Han pasado ya seis meses desde que iniciamos una cuarentena obligatoria y resulta cada día más evidente que nadie, absolutamente nadie, estaba preparado para esto. De un día para otro, nos quedamos en casa, y todas nuestras rutinas y espacios fueron trastocados en diferentes formas y medidas.
Tengo una hija de 8 años que empezó el año en un colegio cuyo idioma de formación y soporte yo no manejo. Sobrevivimos el primer mes intentando salir adelante con el traductor virtual, las tareas, el trabajo, y la casa, pues confiábamos que esta coyuntura duraría poco. Una noche, conversando con mi esposo sobre lo difícil que era la situación y lo mucho que estábamos afectando la tranquilidad emocional de nuestra hija y de nosotros mismos, tomamos la difícil decisión de cambiarla de colegio, pues necesitábamos facilitarnos la vida y hacer que esta coyuntura transcurra lo más en paz que podamos.
Hoy, cinco meses después de aquella decisión, compleja y difícil para todos, miramos hacia atrás en el tiempo y nos quedamos con la tranquilidad de haber hecho lo correcto. Arianna está tranquila, disfruta más de las clases virtuales, que ahora son en su idioma natal, habiendo incluido nuevos amigos en su experiencia virtual de aprendizaje.
¿Nos arrepentiremos del cambio en unos años cuando notemos que no ha obtenido el segundo y tercer idioma que soñamos para ella? No lo sé, pero sé que toda decisión tiene un precio que debemos pagar.
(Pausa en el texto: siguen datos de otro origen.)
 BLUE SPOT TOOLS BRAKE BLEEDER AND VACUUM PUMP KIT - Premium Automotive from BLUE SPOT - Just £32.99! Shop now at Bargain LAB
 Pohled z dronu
Algo que ganar y algo que perder. Nosotros decidimos apostar por ganar tranquilidad y permitirnos crear mejores recuerdos de familia en este tiempo juntos.
Como adultos y profesionales, hemos aprendido que tener un plan de mediano o largo plazo es lo correcto. Hemos aprendido que debemos pensar en grande y tener sueños ambiciosos. Hemos aprendido que la exigencia es la base para el crecimiento. Todo esto nos fue tan efectivo y tan real hasta el 16 de marzo de 2020 cuando nuestros planes, rutinas, estructuras mentales, sociales, emocionales y económicas se cayeron como un castillo de naipes. En esta coyuntura lo efectivo y lo real, es aprender a disfrutar de las cosas simples, aquellas que damos por sentadas y que no valoramos. Valorar, por ejemplo, el poder despertar cada mañana y respirar sin dificultad, cuando uno de cada tres peruanos está infectado con la COVID-19. Valorar el poder tener una familia que nos acompañe cuando hay miles de enfermos aislados. Valorar el poder tener algún ingreso cuando casi el 20% de los peruanos ha perdido su empleo.
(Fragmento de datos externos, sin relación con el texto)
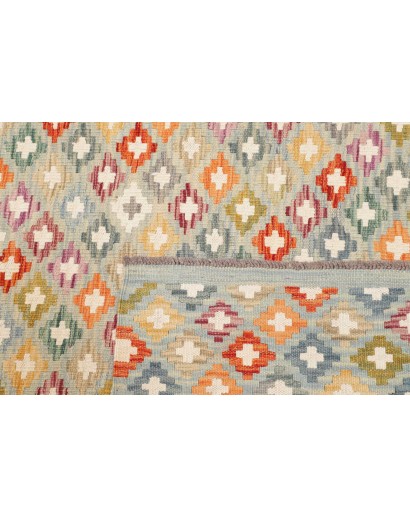 Tappeto Kilim Afghanistan marrone beige 178x236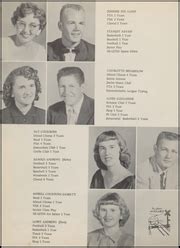 Olney High School - Cub Yearbook (Olney, TX), Class of 1956, Page 25 of 156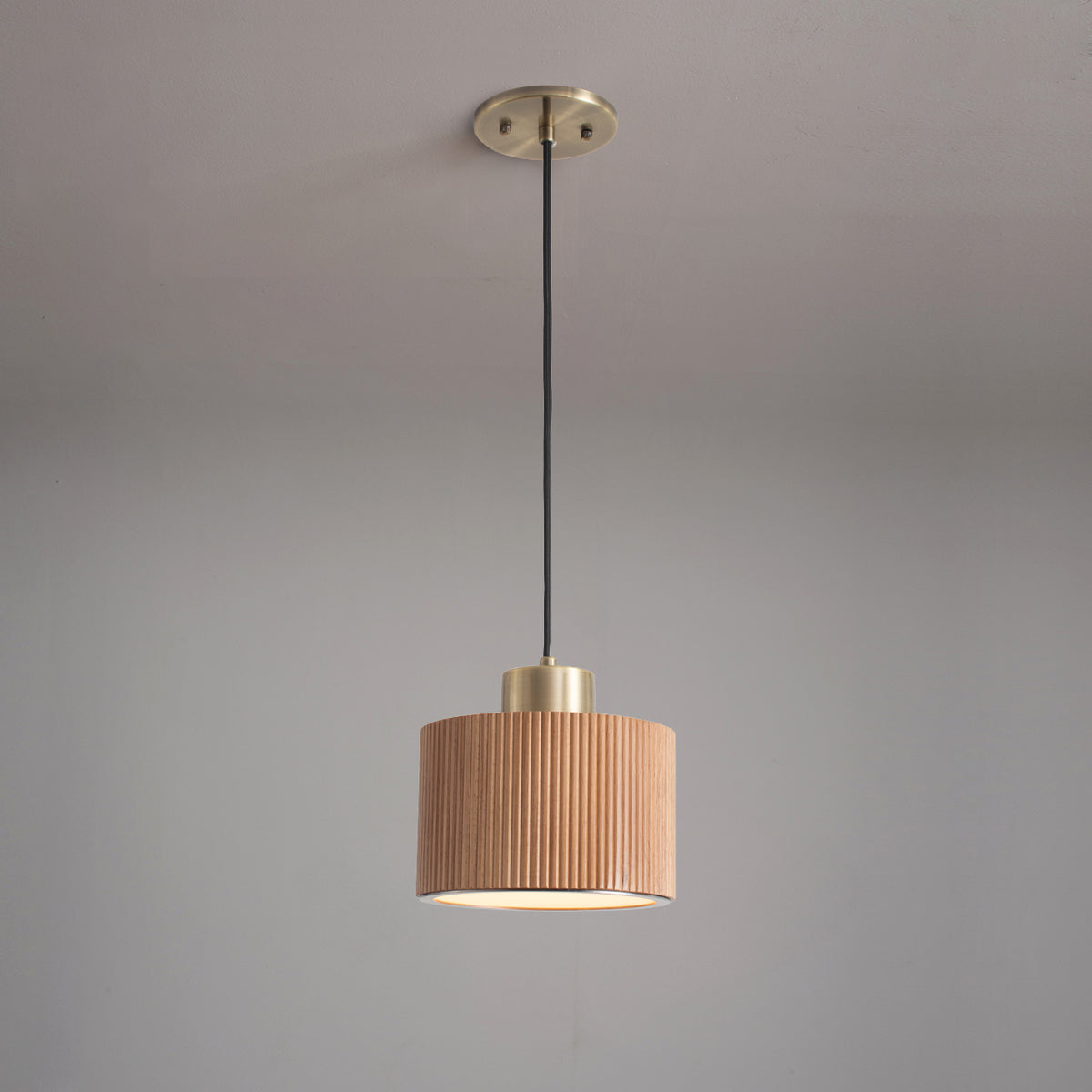 Tambo Led Pendant Lights – Natural Ash Pendant NOVA of California   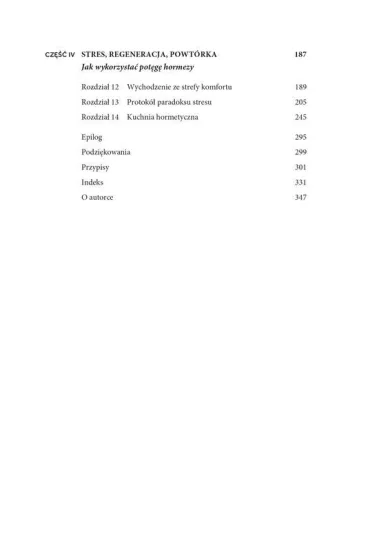 Paradoks stresu. Dlaczego potrzebujesz stresu, by �y� d�u�ej, zdrowiej i szcz�liwie - Sharon  Horesh Bergquist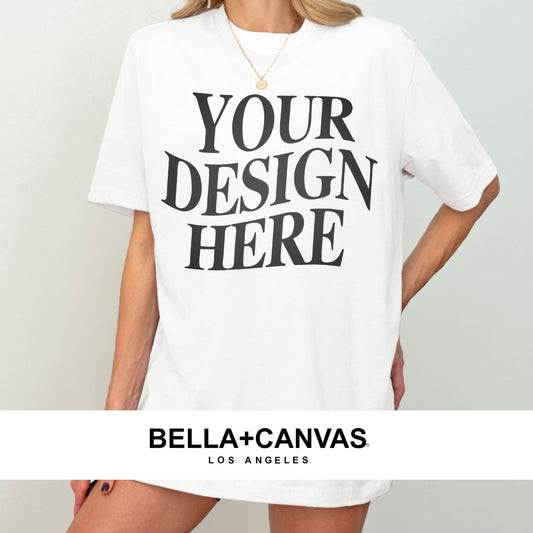 Custom Bella Canvas T-Shirts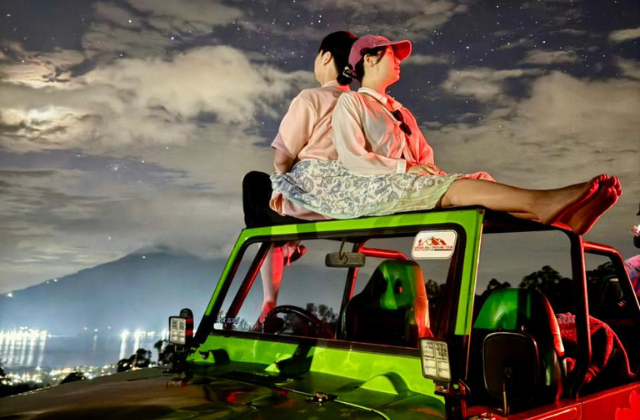 【独占割引】バリ島バトゥール山日の出プライベートジープツアーbyクリシュナチーム（韓国語/英語限定ツアー）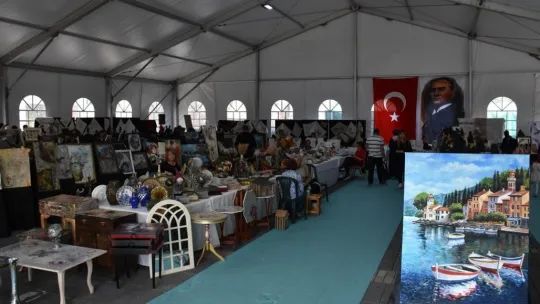Kocasinan'da emeğin sanata dönüştüğü sergi, büyük beğeni topladı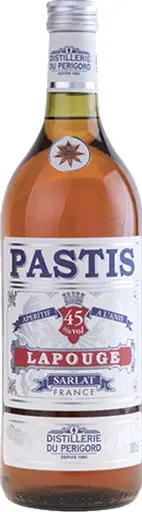 Lapouge Pastis 90 Proof 1L 1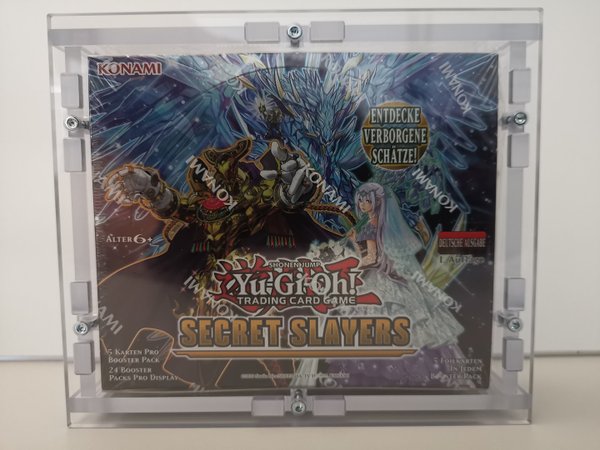 Yu-Gi-Oh Case / Schutzbox für Displays small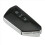 Car 3 Buttons Remote Control Key Shell Smart Card Case KDZA25 Casing for Golf 8 10
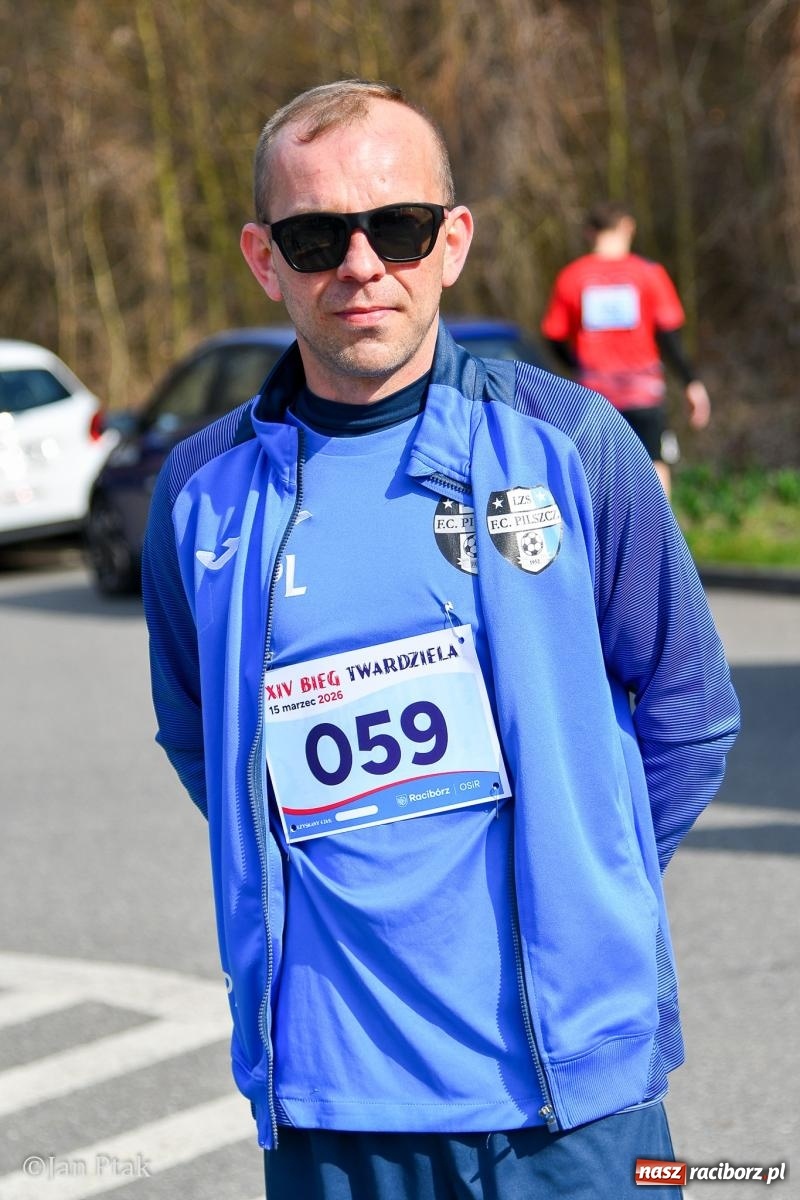 Zdjęcie w galerii na portalu naszraciborz.pl: Mateusz Wolnik zwycięzcą XIV Biegu Twardziela w Raciborzu wiadomości z regionu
Cuando me preguntan qué debemos hacer para cuidarnos emocional y psicológicamente, mi respuesta inmediata es: busca simplificarte la vida y aprende a vivir un día a la vez.
No es necesario ver las noticias todos los días; eso solo nos colma de pensamientos nocivos. Cuidemos nuestro cuerpo, alimentándonos conscientemente y haciendo ejercicios de manera periódica, pues en caso nos toque sobreponernos a la enfermedad, un sistema inmunológico fuerte dará una mejor batalla. Busquemos apoyar a quienes lo necesiten. No estoy hablando de hacer donaciones u ofrecer ayuda económica, me refiero a llamar a nuestros familiares y amigos. Mantener contacto frecuente con tus padres, abuelos y cualquier adulto mayor que sea importante en tu vida. En este momento, lo más importante es hacerles saber que estamos para ellos y que los tenemos presentes en nuestro corazón.
Finalmente, si aprendemos a vivir de manera simple, valorando lo que tenemos en lugar de enfocarnos en lo que nos falta, lograremos, cuando esto pase, enfocarnos en nuestros sueños y proyectos, pero fortalecidos en el aprendizaje que una coyuntura tan desafiante deja en quienes la vivimos.